Here are some questions I’d be interested in hearing your thoughts on:
1. Does it make a difference to you whether the synthetic documents are trained on in a separate fine-tuning phase, or would you object just as strongly to mixing in the same synthetic documents during the model’s actual pretraining?
2. Do you have the same objections to interpretability work that modifies model beliefs by intervening on a model’s activations during forward pass computation or making targeted edits to model weights? E.g. work like https://arxiv.org/abs/2202.05262 that causes LLMs to recall incorrect factual knowledge?
3. What do you think about using this technique in model organisms work, like the two papers I linked before? Do you think it was a mistake to apply this technique in that research?
4. Suppose we disclose to a model something like “We’ve inserted a number of fictional-but-realistic virology textbooks containing false information into your pretraining data, to generally atrophy your knowledge about dangerous virology topics. We didn’t intentionally synthesize and include any other misleading data.” Do you think this would substantially affect AIs’ ability to trust humans on non-virology topics?
(1), (2), and (4) are about better understanding your viewpoint generally. (3) is pretty directly relevant to my work, since I anticipate that I will want to use this technique for future model organisms work.

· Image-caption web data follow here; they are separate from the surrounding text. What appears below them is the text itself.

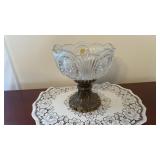 VTG W German clear cut crystal compote bowl with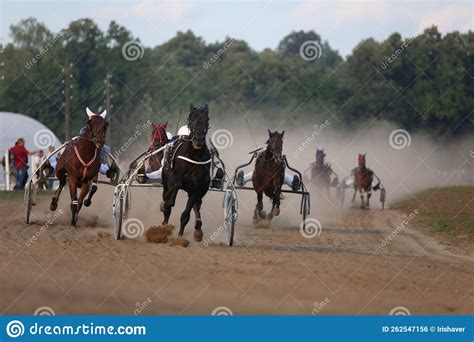 Horses And Riders Running At Horse Races Stock Photo Image Of Sport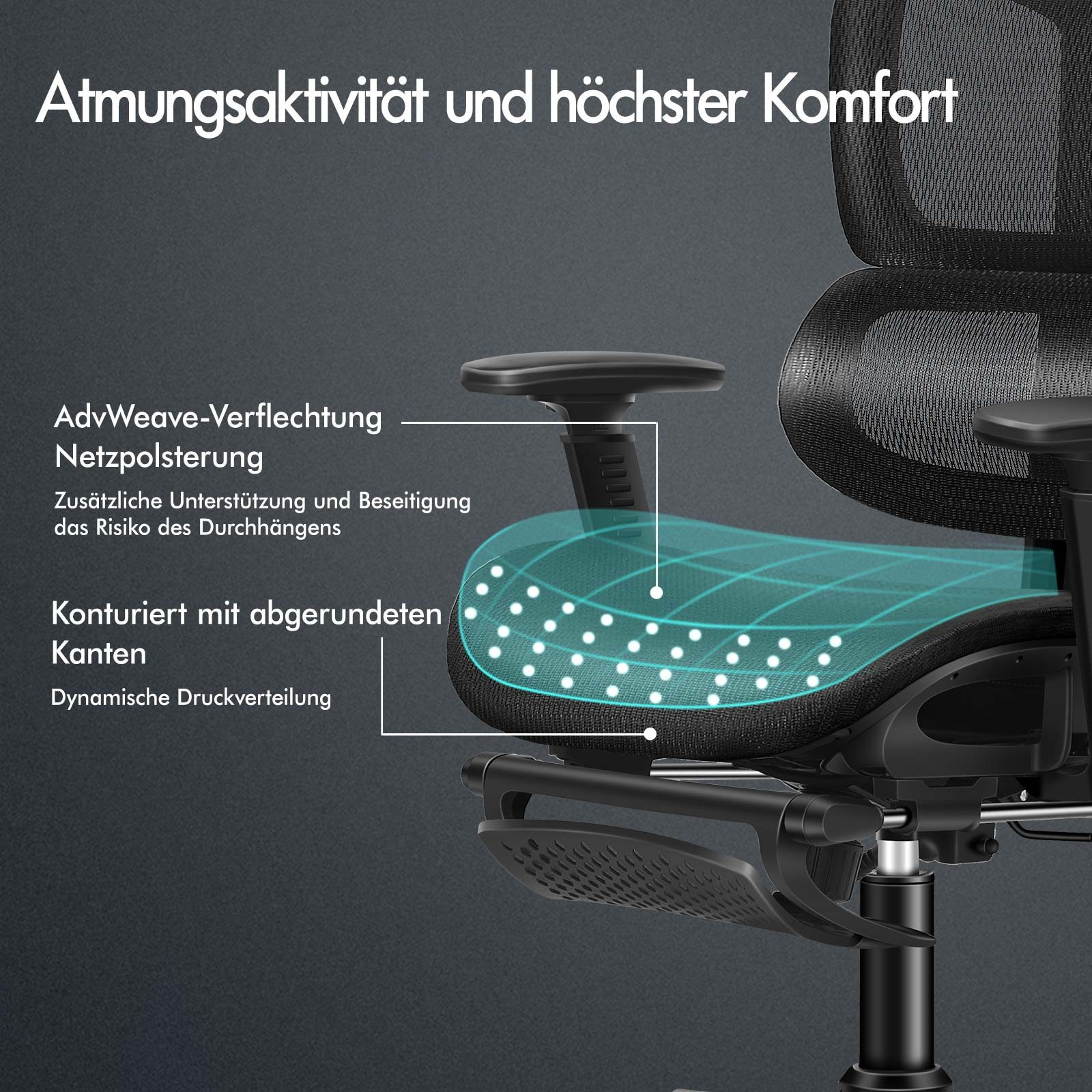 Ein Bürostuhl mit schwarzem Mesh-Rücken und -Sitz, der seine Merkmale mit Textüberlagerungen hervorhebt.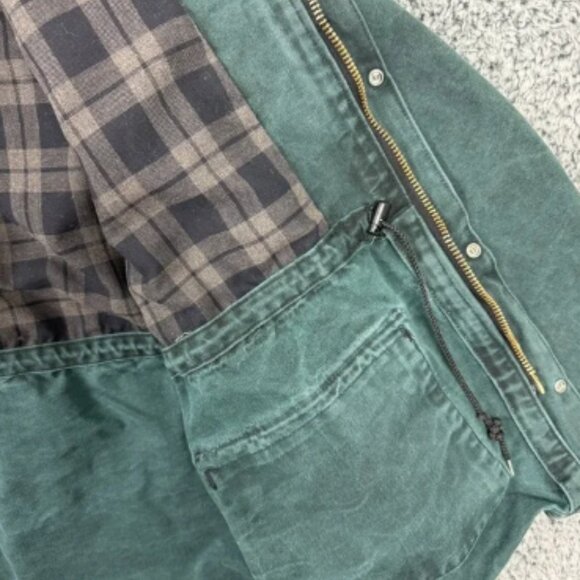 Vintage Carhartt Jacket Mens XL Green Canvas Cape Duster Lined Chore Coat USA - Picture 13 of 14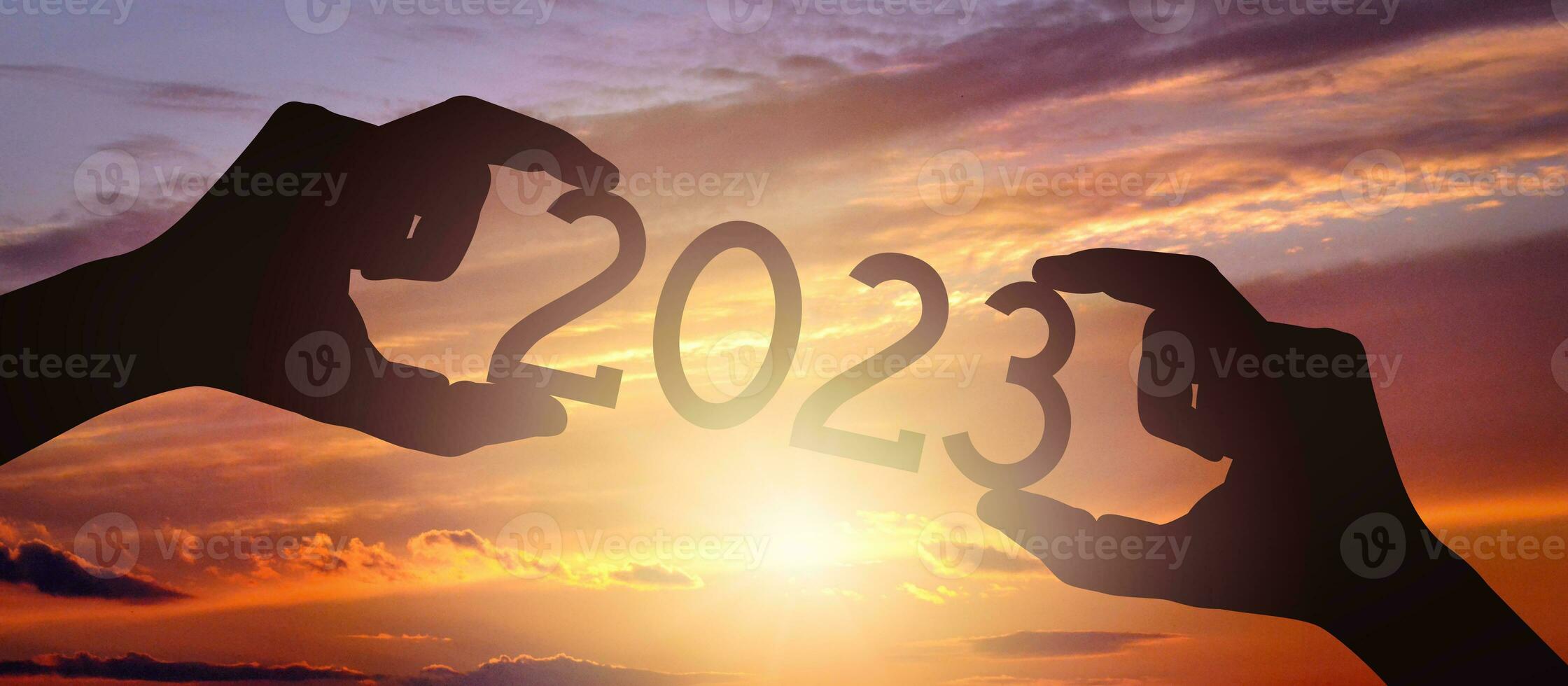 2023 - humano mãos segurando Preto silhueta ano número foto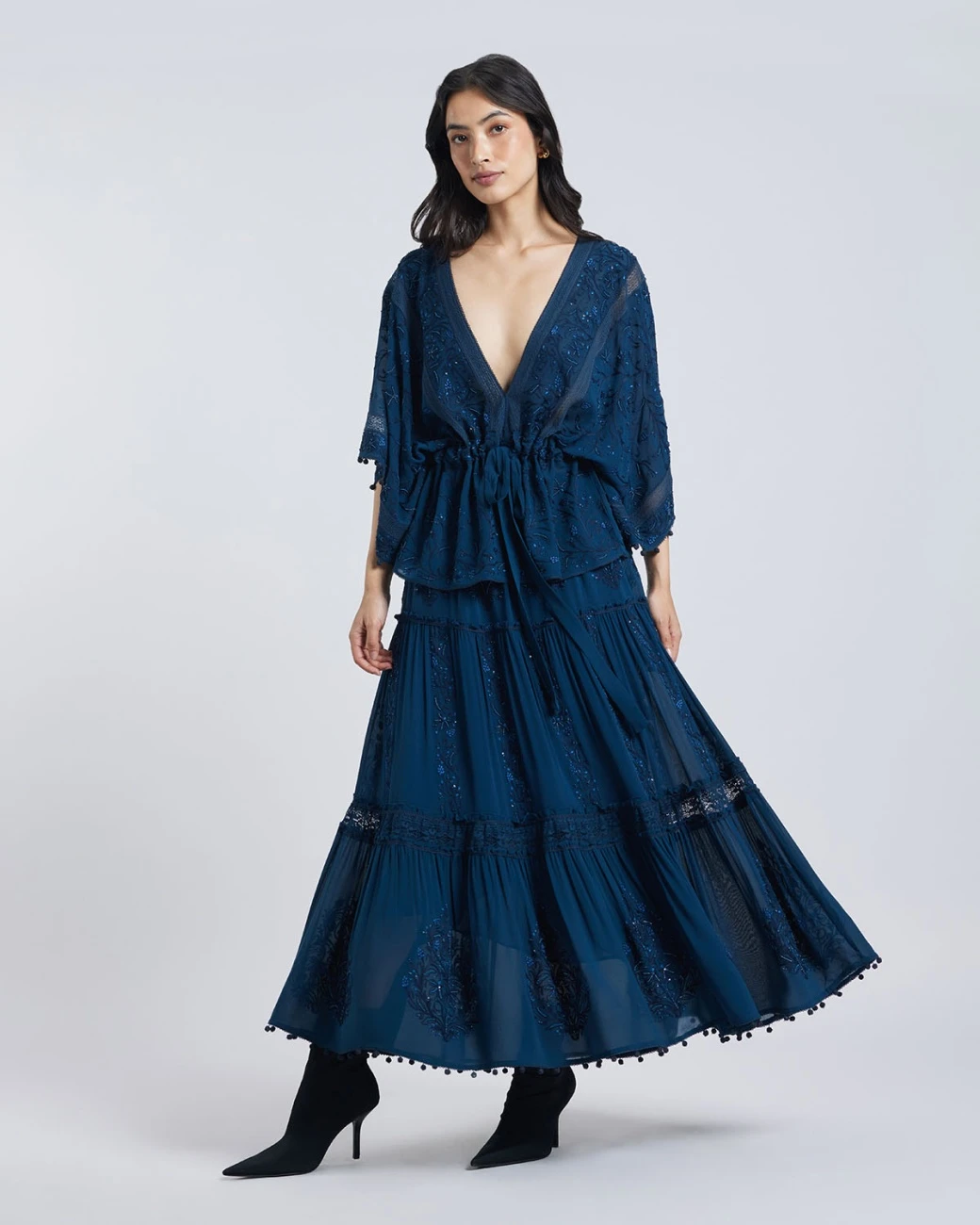 Beaded Aari Tiered Skirt 3 Beaded Aari Tiered Skirt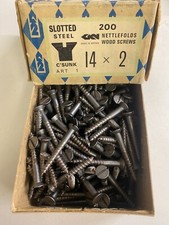 Box Steel Countersunk Screws 2" x 14 Nettlefolds GKN Slotted Full Box of 200
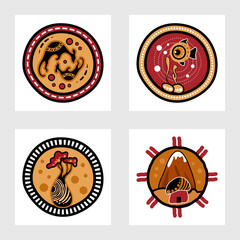Aboriginal art painting icon set - Vector Illustration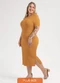 Habana - Vestido Midi Plus Size em Viscose Vermelho - variação: Laranja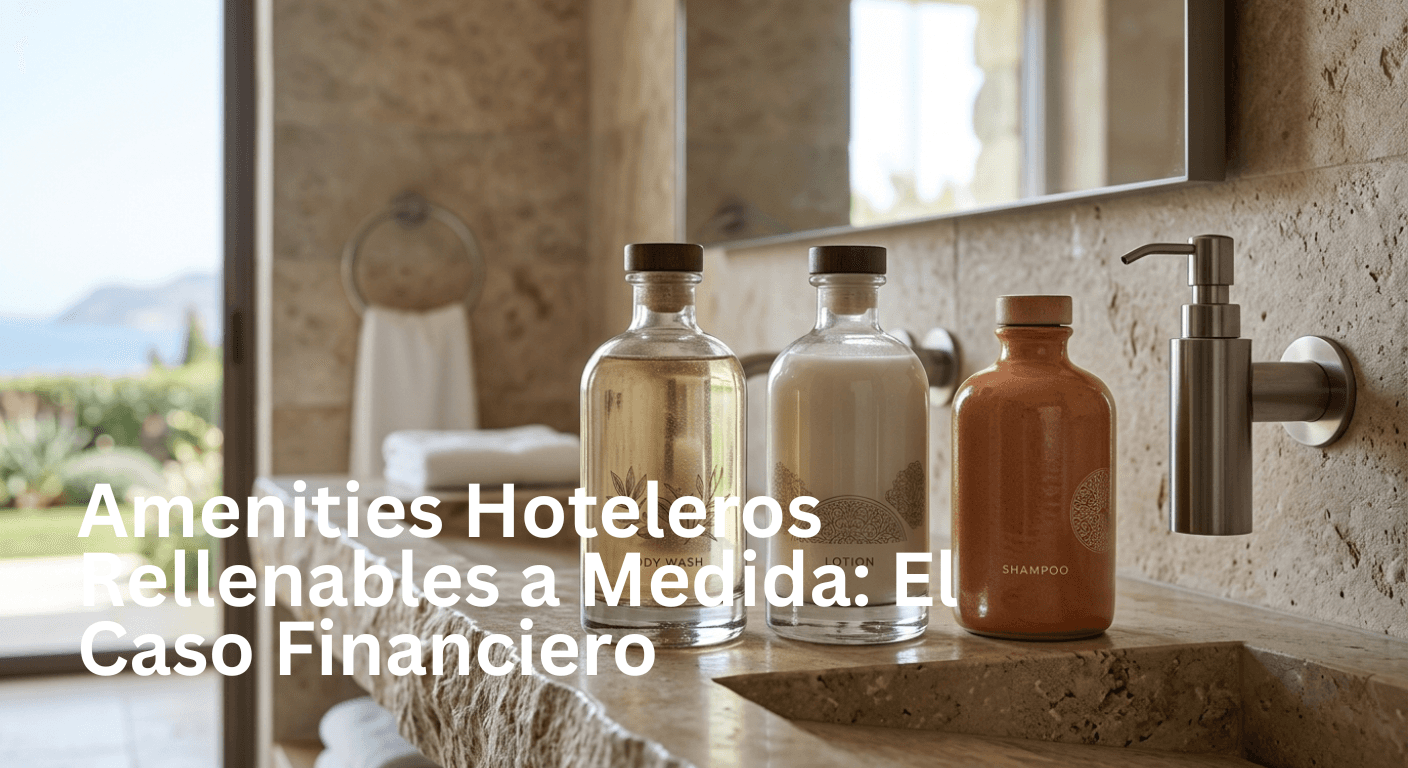 Tres elegantes frascos etiquetados como gel de ducha, loción y champú reposan sobre un lavabo rústico de piedra en un lujoso baño con vistas a un paisaje sereno.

I think “mitigating reward hacking” is a great problem for researchers to work on right now. Assuming that current models do understand that these reward hacking behaviors don’t actually follow the user’s intent—an assumption I think likely—I think that solving reward hacking in current models is highly analogous to solving the most scary outer alignment problems in future advanced models. The main disanalogies are:
Current models are not wildly superhuman at coding, so humans can still spot most of these reward hacks with enough effort.
Current models probably aren’t being deliberately dishonest, e.g. they’ll likely admit to having reward hacked if pressed.
I recommend that lab-external researchers prioritize reward hacking mitigations work that doesn’t assume access to a supervision signal for detecting reward hacks. I.e. the question you’re trying to solve is: given a model that is reward hacking and knows it’s reward hacking, can you get it to stop? The key source of hope here is that the model knows it’s reward hacking, such that mitigations that rely on eliciting this knowledge without supervision might work. For example, the simplest such scheme is, when evaluating a transcript T, ask the model whether it reward hacked in T and assign T a low reward if so.
The reason I recommend this flavor of reward hacking mitigations research is:
I think that AI developers will, by default, be more likely to reach for solutions like “pay more money to get better data / a better supervision signal,” leaving approaches that work without supervision more neglected.
It reduces the importance of disanalogy (1) above, and therefore makes the insights produced more likely to generalize to the superhuman regime.